For any foreclosure activity in the current environment, advance planning will go a long way to avoiding the compliance and operational pitfalls many servicers experienced during the rollout of CARES Act forbearance protections, enabling them to respond “on the fly” to any unanticipated challenges that may arise. Chief among those challenges is monitoring for regulatory developments to ensure that future guidance and rulemaking are properly implemented, but as noted above, there are other challenging questions that cannot be ignored.

Robert Frost advised, “Don’t ever take a fence down until you know why it was put up.” In the time of COVID, the forbearance and foreclosure protections implemented by the CARES Act are the proverbial “fence” that was “put up” to help consumers facing COVID-related hardships to remain in their homes. As the country slowly moves toward a post-pandemic environment, borrowers’ finances will likely require continued care and time to heal. Admittedly and unfortunately, not all borrowers will be able to recover. For this reason, though, servicers should be cautioned against rushing to foreclosure actions upon the expiration of moratoriums.

With regulators promising a watchful eye on foreclosure activity, servicers must take care to ensure that all available retention options are exhausted before pursing foreclosures against struggling homeowners.

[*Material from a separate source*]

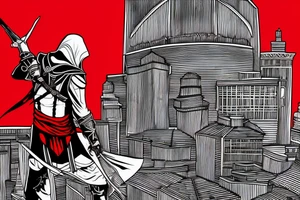 Assassin's creed assassin on the roof looking down at the city in modern times use only black and red as colors to be tattooed on my arm tattoo idea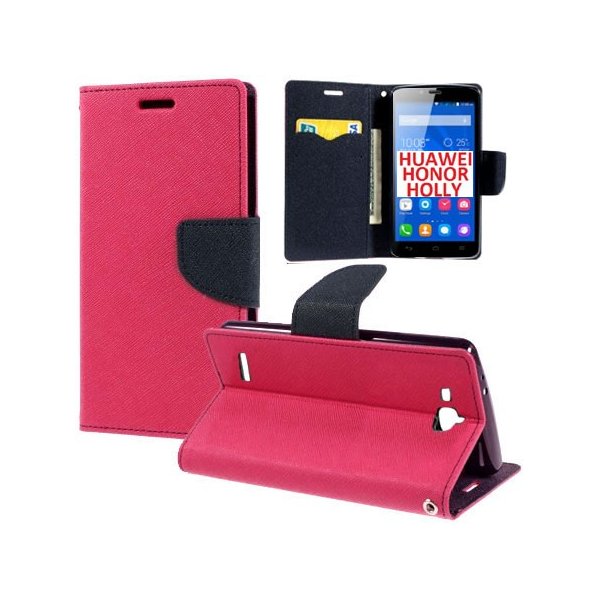 CUSTODIA FLIP ORIZZONTALE per HUAWEI HONOR HOLLY CON INTERNO IN TPU SILICONE, STAND E TASCHE PORTA CARTE COLORE FUCSIA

1 Housing insecurity and the COVID-19 pandemic. CFPB, March 2021.
2 Bulletin 2021-02 on Supervision and Enforcement Priorities Regarding Housing Insecurity. CFPB, April 2021.
3 Protections for Borrowers Affected by the COVID-19 Emergency Under the Real Estate Settlement Procedures Act (RESPA), Regulation X: Proposed rule and request for public comment. CFPB, April 5, 2021.
4 Ostrowski, Jeff. “Foreclosures fell to record low in 2020–with a huge asterisk.” Bankrate, 22 Jan. 2021.
5 Blumenthal, Jeff. “Philadelphia law firm abruptly closes; managing partner joins rival,” Philadelphia Business Journal, 15 Oct. 2020.